Un gobierno que vino para ser mejor y se convirtió en lo peor

Por Jorge Grispo (*)

El soliloquio es un discurso que sostiene una persona consigo misma. Son conversaciones interiores. Si observamos las fotos tomadas el pasado 1 de octubre en la Casa de los Misioneros de Francisco, en Luján, sentado, con la camisa blanca arremangada, encorbatado, rodeado de vecinos, y tomando nota de sus reclamos, refleja la soledad de una persona a la que le queda demasiado grande el traje presidencial. Lo mismo sucede con las fotos del paseo en sulky, esta vez de traje, por las calles de Tucumán. Se lo devoró el personaje que él creyó ser en los primeros tiempos de la Pandemia, y que la dura realidad le demostró que jamás será, sin credibilidad alguna, relegado hoy a la función de Presidente testimonial, sólo ocupa el sillón de Rivadavia, pero no ejerce el poder, ni toma las decisiones que importan para el futuro de los argentinos.

Más grave aún es la desorientación generalizada que se puede observar en los principales dirigentes del oficialismo.
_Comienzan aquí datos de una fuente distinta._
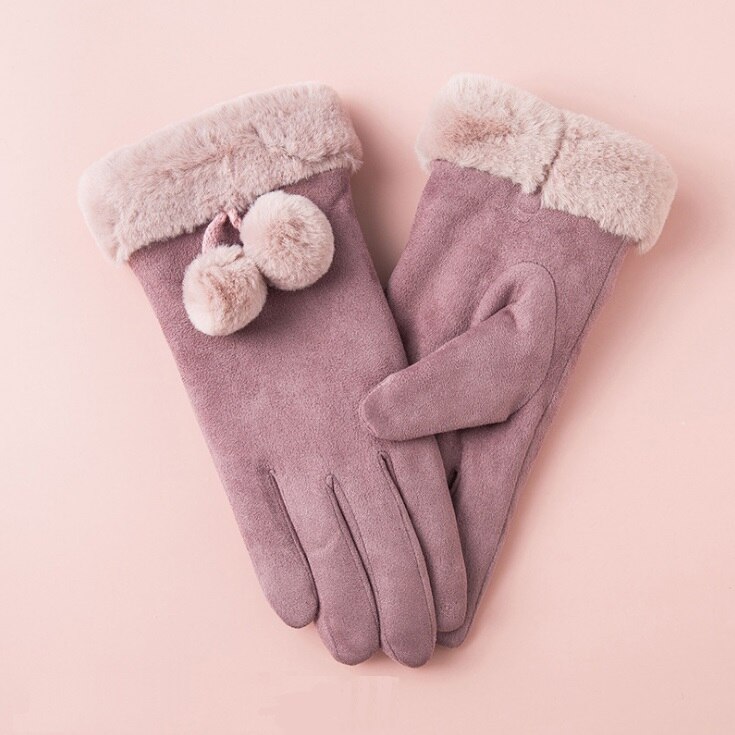 luxe daim gants mitaines doigt complet mitaines droite Index doigt écran gant velours épais femmes hiver: Purple with fur ball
Por caso, el amedrentamiento protagonizado por el ministro de Seguridad, Aníbal (el otro) Fernández, a Nik es un hecho institucional de suma gravedad. Tanto como las fotos de la fiesta del cumpleaños en Olivos. Son hechos que además del daño institucional que generan, dejan nuevamente al Presidente en una situación peor a la que se encontraba. Para sostener a su ministro, en lugar de pedirle la renuncia, tuvo que salir a decir que con la disculpa era suficiente, hecho que lo vuelve a dejar mal parado frente a la sociedad. Hoy, Alberto Fernández es un presidente en soledad que habla consigo mismo. Quedó en claro que la ciudadanía votó con “L” de Laburo, donde la patria planera comenzó a quedar en el pasado. Allí radica el desconcierto del gobierno y la pérdida de rumbo.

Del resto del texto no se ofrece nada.